__WHAT IS NEEDED__
The required result is an exact copy of the lines from the one containing "flower-on-basket Icon" to the last line of the records, both ends included, without pictures.

__TASK DATA__
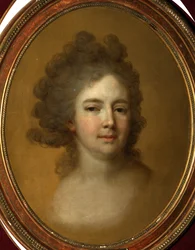 Retrato da imperatriz Maria Feodorovna Sophie Dorothea de Württemberg 1759-1828, 1796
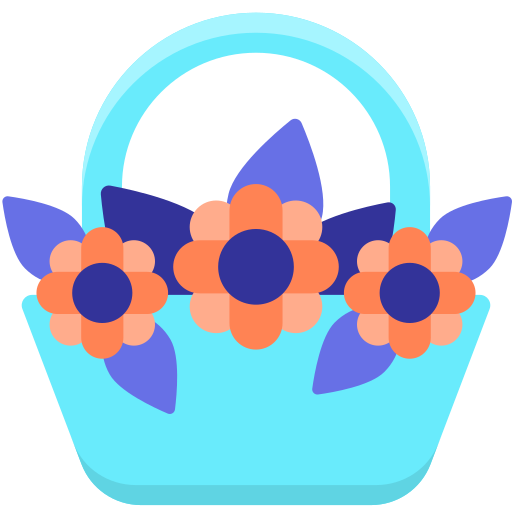 flower-on-basket Icon
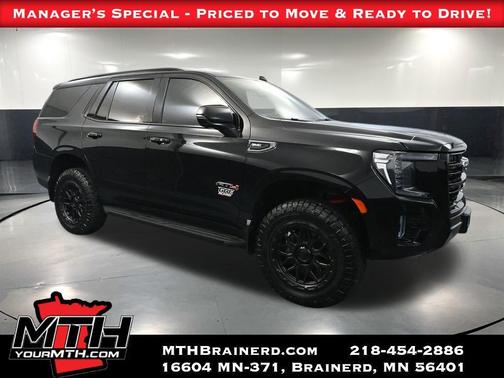 Onyx Black 2022 GMC Yukon AT4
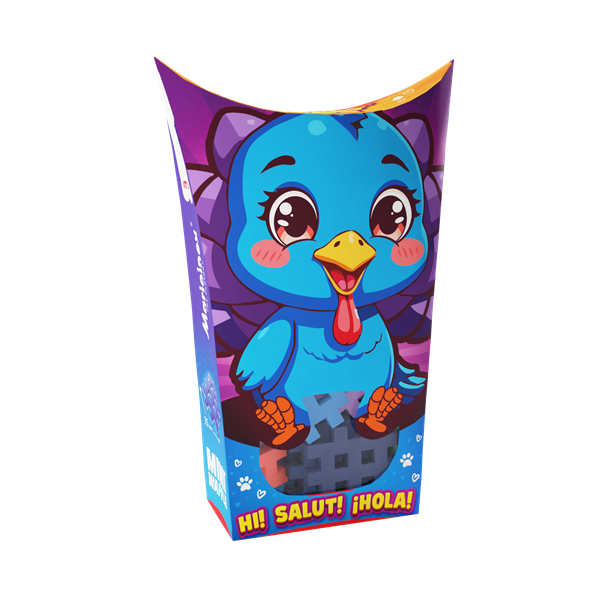 Mini Waffle - Animaux de poche: Dinde (25 pcs) - ML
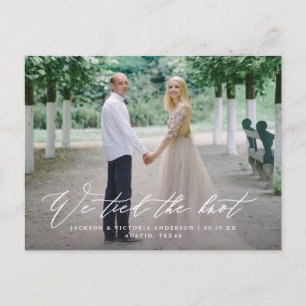 Vi kopplade ihop vykortet Knot Elopement Meddelande Vykort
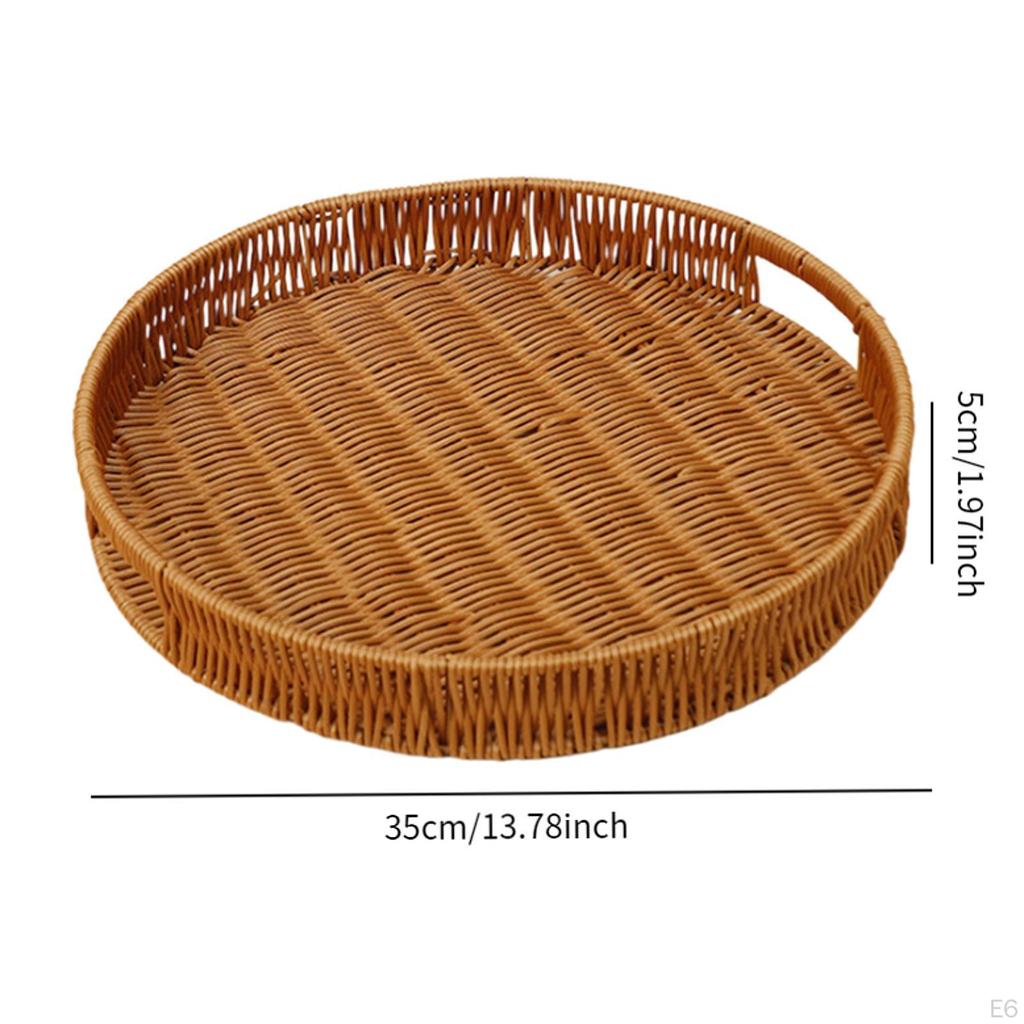 Handwoven Tray for Serving Fruits And Snacks, Storage Basket Events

__WRITTEN ANSWER__
 flower-on-basket Icon
 Onyx Black 2022 GMC Yukon AT4
 Mini Waffle - Animaux de poche: Dinde (25 pcs) - ML
 Vi kopplade ihop vykortet Knot Elopement Meddelande Vykort
 Handwoven Tray for Serving Fruits And Snacks, Storage Basket Events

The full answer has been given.